All Content Church & Ministry Uncategorized

What Does Commitment To The Local Church Require?

Note from SOLA: This video was recorded during The SOLA Conference 2019. Below is a transcript of the video. It has been lightly edited for readability.


There are so many things that can be said, but I’ll sum it up in three major categories.

The first commitment is a commitment to make the Gospel visible. So each time you’re talking about conversions, you’re talking about committing to reconciliation, committing to unity in the church, and committing to caring for the people. All of this makes the Gospel visible.

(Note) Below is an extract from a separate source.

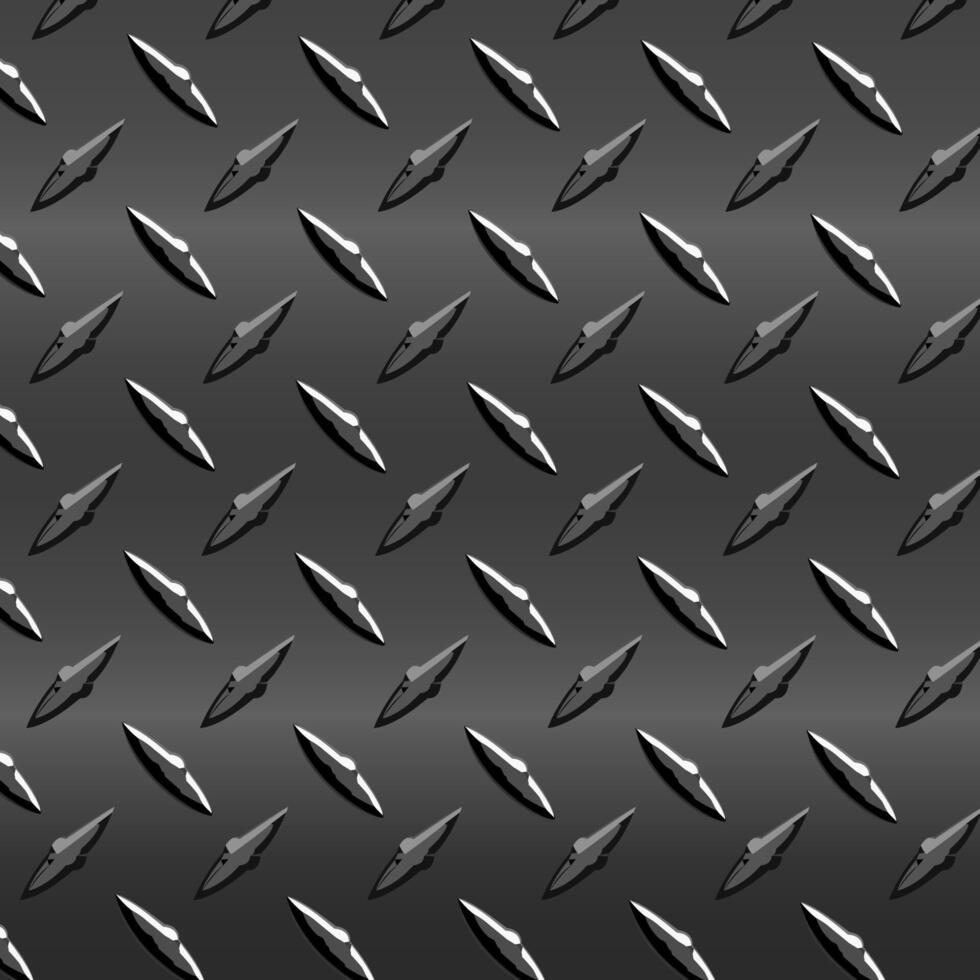 Seamless metal diamond plate texture with 3D raised patterns and dark gradient, ideal for industrial, automotive, or construction-themed backgrounds and designs. vector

Let me give you one illustration. Tim Keller, in his book King’s Cross, says, “All real life-changing love is substitutionary sacrifice.” So when you think of a commitment to bear one another’s burdens, you’re talking about their problems becoming your problems.

Whether you give them your time, resources, money, your emotional energy, your physical energy — you are pouring out everything you have onto someone else, while they pour out all of their problems, their suffering, their burden, or their sin struggles upon you. What you see is an exchange, but what becomes displayed through that interaction is the Gospel. The Gospel is made visible, and the power of the Gospel is displayed.

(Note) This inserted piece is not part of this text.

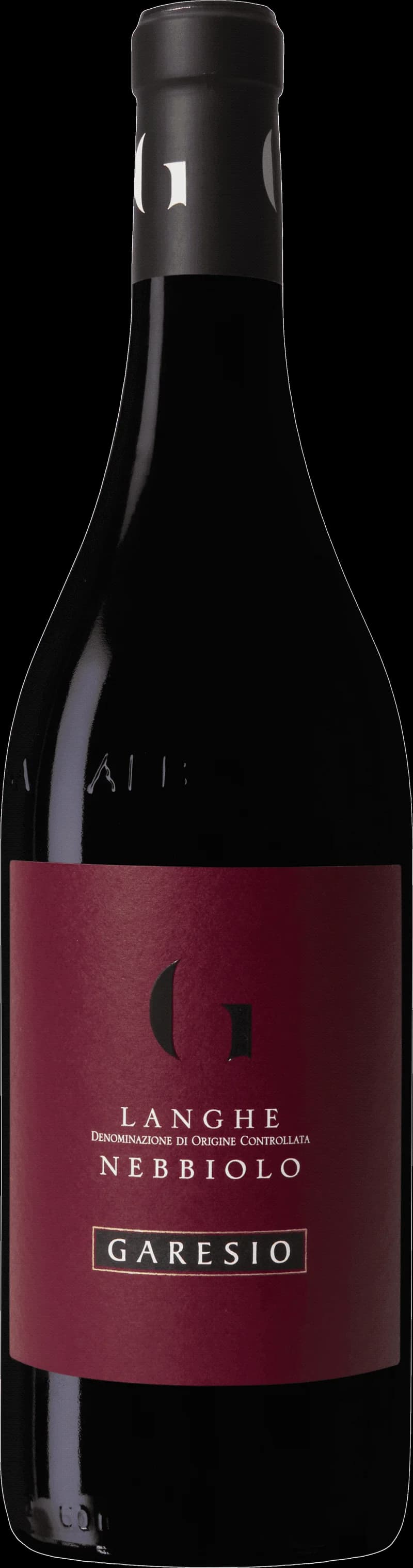 Flaska Langhe Nebbiolo rött vin mot neutral bakgrund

The second is the commitment to stewardship. God has given every single genuine believer the power of the Holy Spirit and spiritual gifts. On top of special gifts, you have God-given skills, life experiences, and resources. (Some people call it, “Time, talents, and treasures.”) When you put that all together, the Holy Spirit has actually ordained for the spiritual gifts to be activated in a committed body of believers.

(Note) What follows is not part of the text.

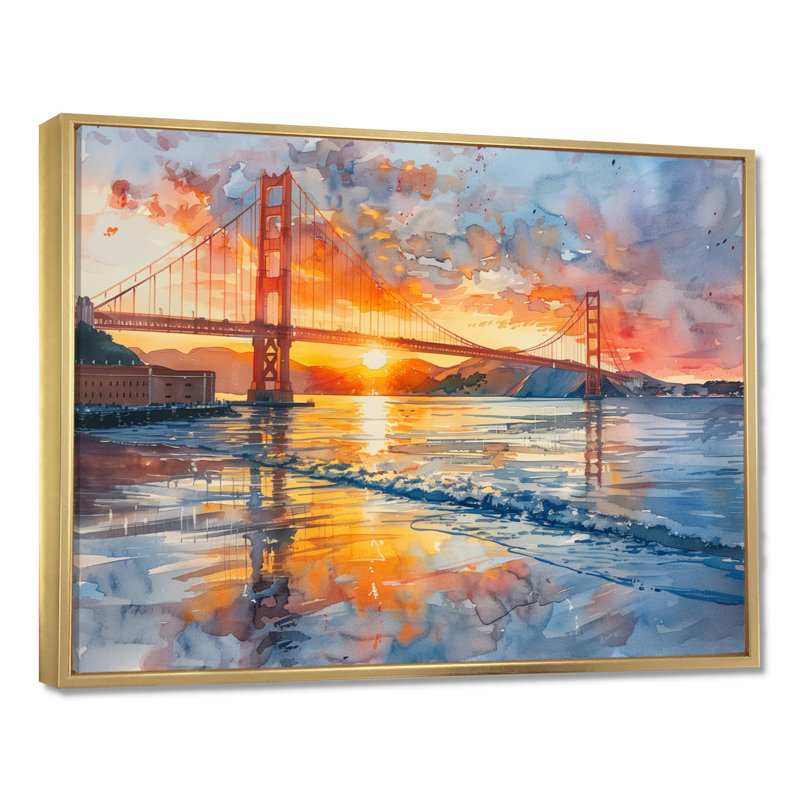 Décoration murale jaune et rouge Golden Gate Summer Sunset Glow IV - Ponts, H 16 po x l 32 po x P 1 po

Someone might ask, “Well, why can’t I just steward my gifts at a different church every single week or every single month or change churches every few years?”

“The Holy Spirit has actually ordained for the spiritual gifts to be activated in a committed body of believers.”

The answer comes from 1 Corinthians 12. The Holy Spirit has gifted you to be a member of the body as we see through the illustration of the human body. So if you show up to church one week and you go somewhere else, then that particular church may not have you as the arm or the foot or the eye or however you serve. The church depends on your stewardship and that’s why commitment to the local church is stewardship.

The third is a commitment to the ordinances: baptism and the Lord’s supper or communion. Let me focus on communion. Every single time you take the bread and the cup, what you’re saying is, “All of my relationships are reconciled.” You are saying to God, “God, my relationship with you is reconciled.”  But then you’re also saying that “I’ve made a commitment to these brothers and sisters that throughout life together and through sharing life together, all of our relationships are reconciled.”

So those are the three things I would say commitment in the local church requires. It first requires a commitment to make the Gospel visible. Second, a commitment to stewardship and stewarding your gifts for a specific group of people — the local church. And thirdly, it’s a commitment to prepare your heart for the ordinances.